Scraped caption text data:
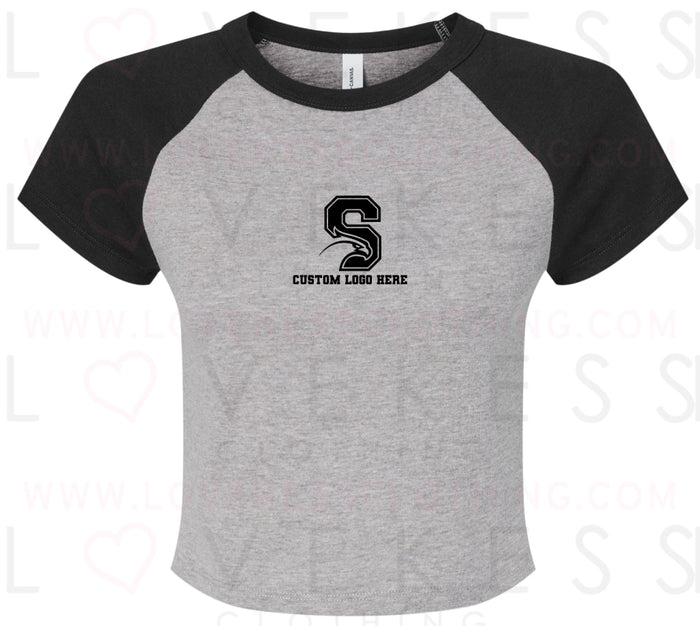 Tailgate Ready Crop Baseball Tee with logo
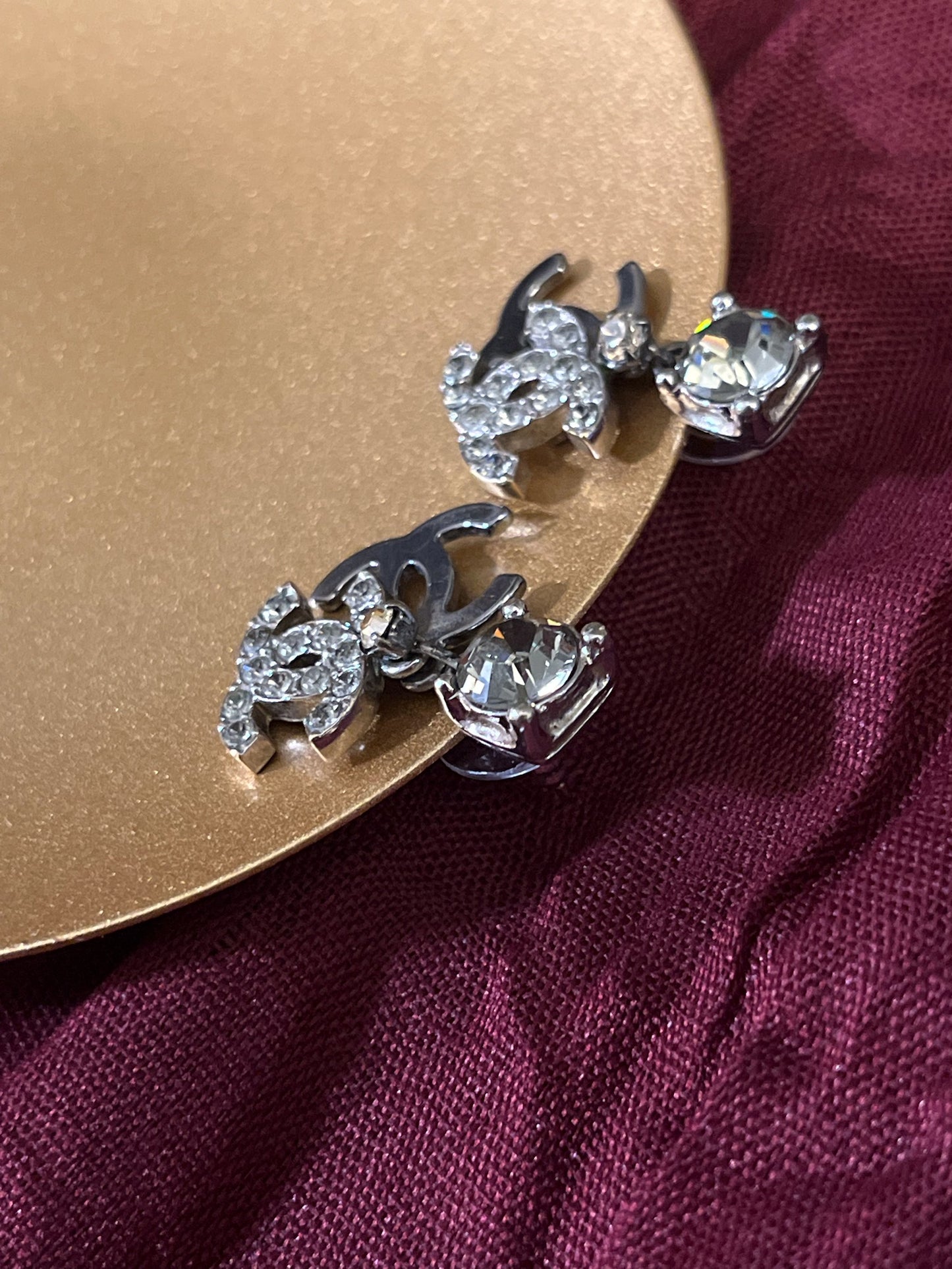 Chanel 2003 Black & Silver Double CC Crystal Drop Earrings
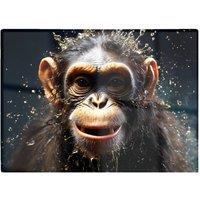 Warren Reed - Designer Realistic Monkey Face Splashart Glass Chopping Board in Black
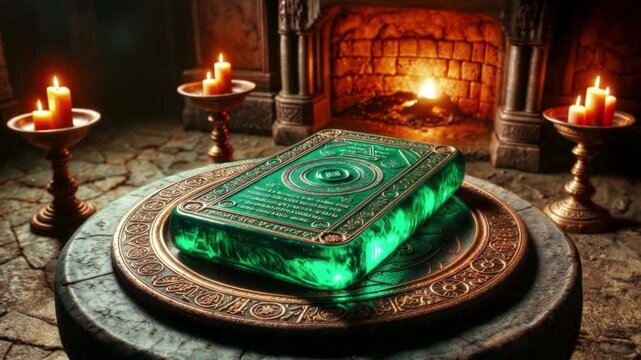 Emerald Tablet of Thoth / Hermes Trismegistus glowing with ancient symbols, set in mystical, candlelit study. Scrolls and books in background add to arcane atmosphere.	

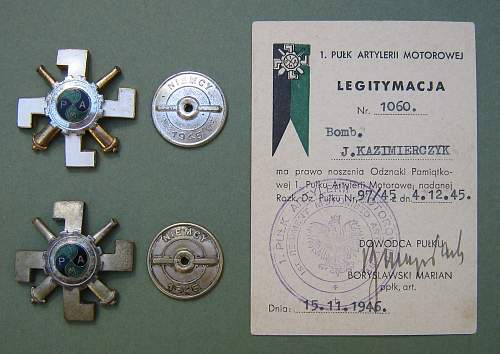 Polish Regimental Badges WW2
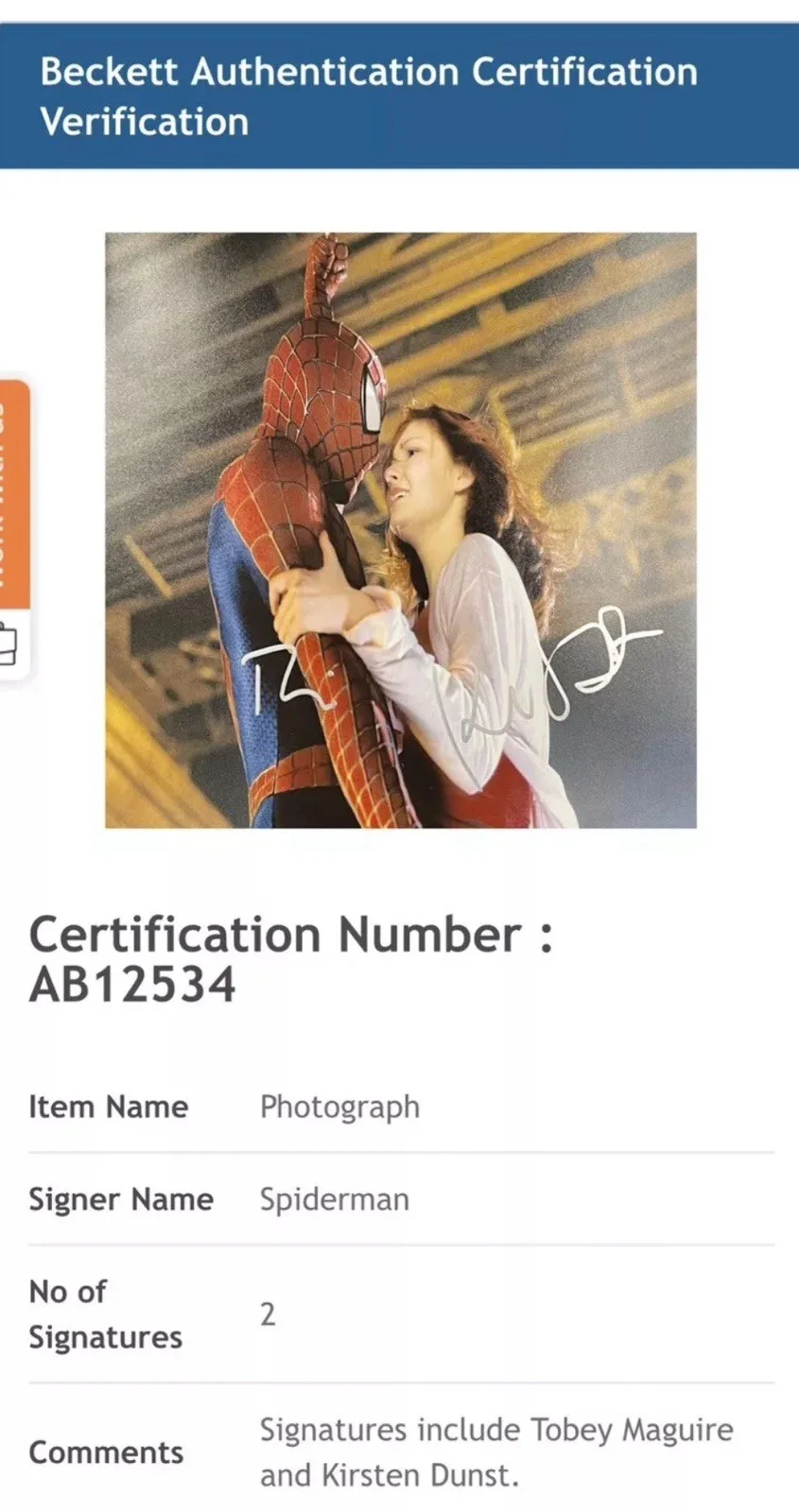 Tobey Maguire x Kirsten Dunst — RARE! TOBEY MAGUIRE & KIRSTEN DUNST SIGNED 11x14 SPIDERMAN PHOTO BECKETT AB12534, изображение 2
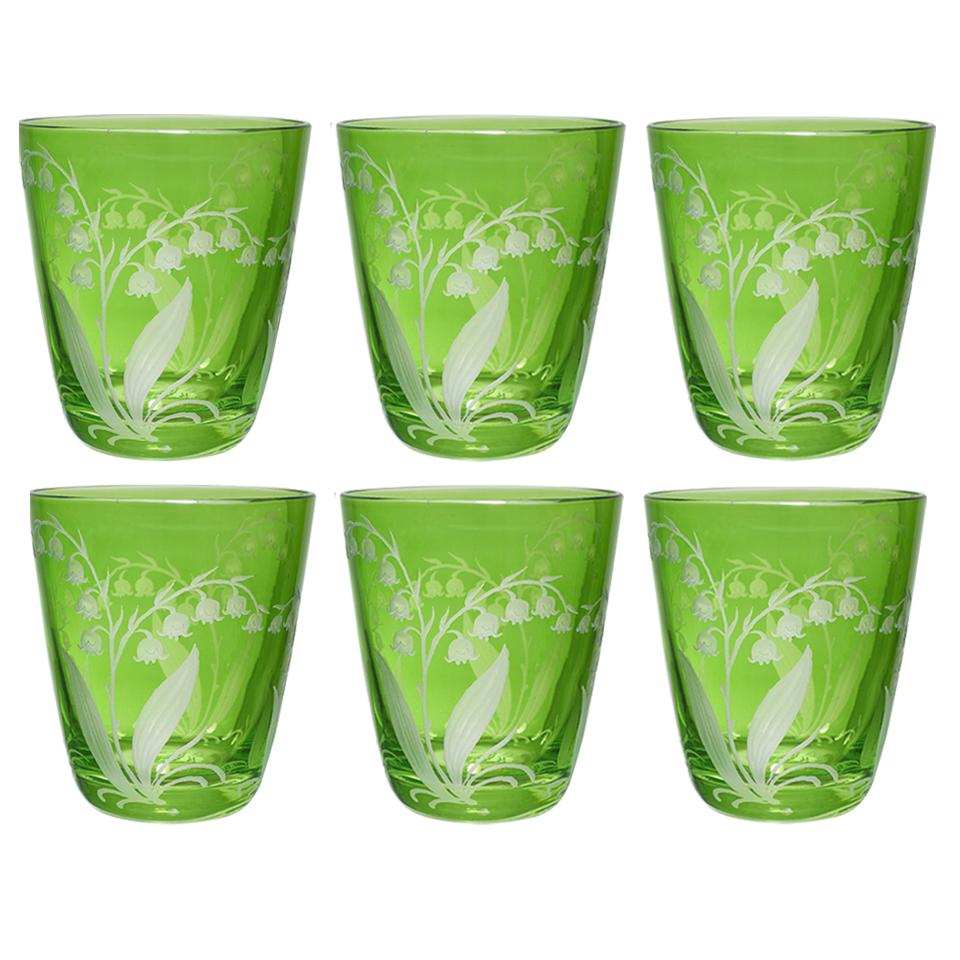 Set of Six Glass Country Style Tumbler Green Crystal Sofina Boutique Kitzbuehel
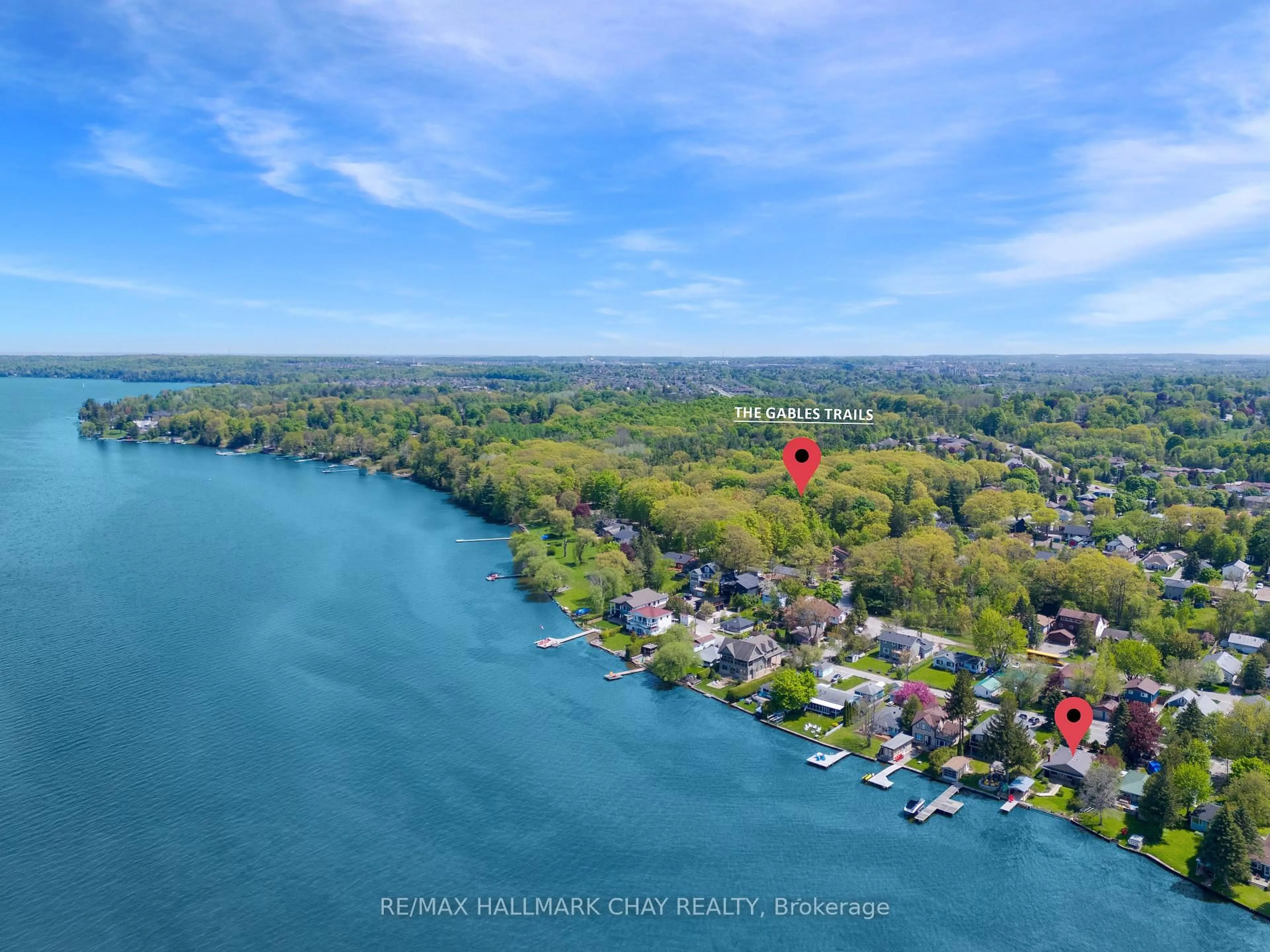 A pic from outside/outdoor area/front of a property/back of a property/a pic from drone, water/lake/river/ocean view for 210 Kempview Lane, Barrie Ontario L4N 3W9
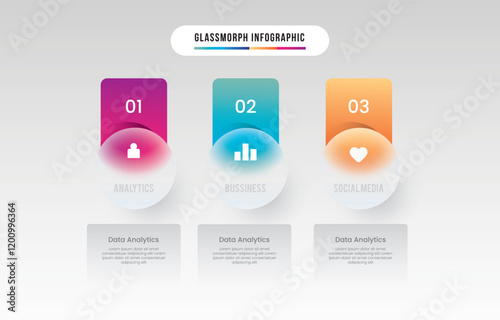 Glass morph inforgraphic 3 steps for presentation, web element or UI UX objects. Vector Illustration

Aim of the exercise:
The required output is the exact run of lines from the start of the records through the line containing "Set of Six Glass", both ends included, with no pictures.

Result for this exercise:
 Tailgate Ready Crop Baseball Tee with logo
 Chanel 2003 Black & Silver Double CC Crystal Drop Earrings
 Warren Reed - Designer Realistic Monkey Face Splashart Glass Chopping Board in Black
 Emerald Tablet of Thoth / Hermes Trismegistus glowing with ancient symbols, set in mystical, candlelit study. Scrolls and books in background add to arcane atmosphere.	

 Polish Regimental Badges WW2
 Tobey Maguire x Kirsten Dunst — RARE! TOBEY MAGUIRE & KIRSTEN DUNST SIGNED 11x14 SPIDERMAN PHOTO BECKETT AB12534, изображение 2
 Set of Six Glass Country Style Tumbler Green Crystal Sofina Boutique Kitzbuehel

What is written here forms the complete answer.